It’s not lost on Jonathan Toews that if the NHL regular season had finished as scheduled, the Chicago Blackhawks wouldn’t have made the playoffs.
When they got that chance in an expanded 24-team field, the three-time Stanley Cup-winning captain shelved worries about the future of the franchise, and whether goaltender Corey Crawford might even return after concussion concerns and a bout with vertigo.
“Haven’t really had the chance to have those conversations with him,” Toews said Tuesday night after Chicago’s season ended in a five-game first-round series loss to Vegas. “Yeah, I don’t know. The goaltending situation hasn’t been on my mind much.”
It better be on general manager Stan Bowman’s mind as the organization goes into an offseason of uncertainty with Crawford’s contract up, rookie 30-goal scorer Dominik Kubalik unsigned and the championship core another year older and locked up at big prices for seasons to come. Special circumstances allowed the Blackhawks to return to the playoffs for the first time since 2017, but the front office must now set a real direction for the future.

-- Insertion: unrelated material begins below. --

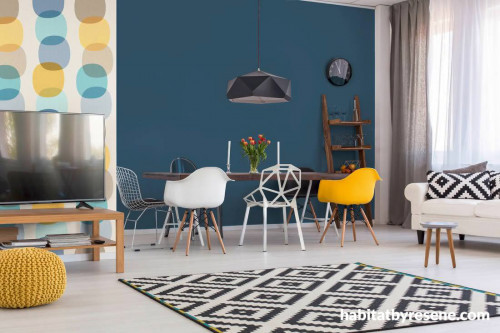 dining room Inspo, open plan living space, open plan inspiration, blue and yellow decor, Resene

Asked about winning the Cup a fourth time before his career is over, star winger Patrick Kane said: “I don’t know. It’s not really something I’ve thought about or given any thought to.” He and Toews will be 32 when next season is scheduled to begin, Crawford 35 and defenseman Duncan Keith 37.
“I’m not sure what the team will look like come next year,” Kane said.
The winds of change have been swirling for Chicago for a few years now. The Blackhawks have several young forwards, from rookies Kubalik and Kirby Dach to Alex DeBrincat and Dylan Strome and promising 20-year-old defenseman Adam Boqvist.
If nothing else, beating Edmonton in the qualifying around and getting outclassed by Vegas should be valuable experience for those players and others as a taste of NHL playoff hockey.
“It’s a huge way to get experience for those guys,” Kane said. “The young guys that are around and got a chance to play in this postseason hopefully take this as a valuable learning lesson and we can get better as a group from it.”
Coach Jeremy Colliton, who’s younger than Keith and about 100 days older than injured defenseman Brent Seabrook, wasn’t ready to think about the future immediately after being eliminated. But assuming he returns, he will be tasked with figuring out how to build Chicago back up to being a perennial contender.
“You’re always trying to think of how we can be better and how can we be hard to play against,” Colliton said. “Size can be part of it. … You can also be hard to play against with your speed and your relentlessness and pressure on the puck.”
The Blackhawks were schooled in that department by Western Conference top-seeded Golden Knights, who possess the kind of depth Chicago used to win with. It’ll take some time to get back to that.
“Ultimately I think as a player you see the standard that is there,” Keith said. “I feel like we’ve made a few strides this year. … Take the positives and try to build.”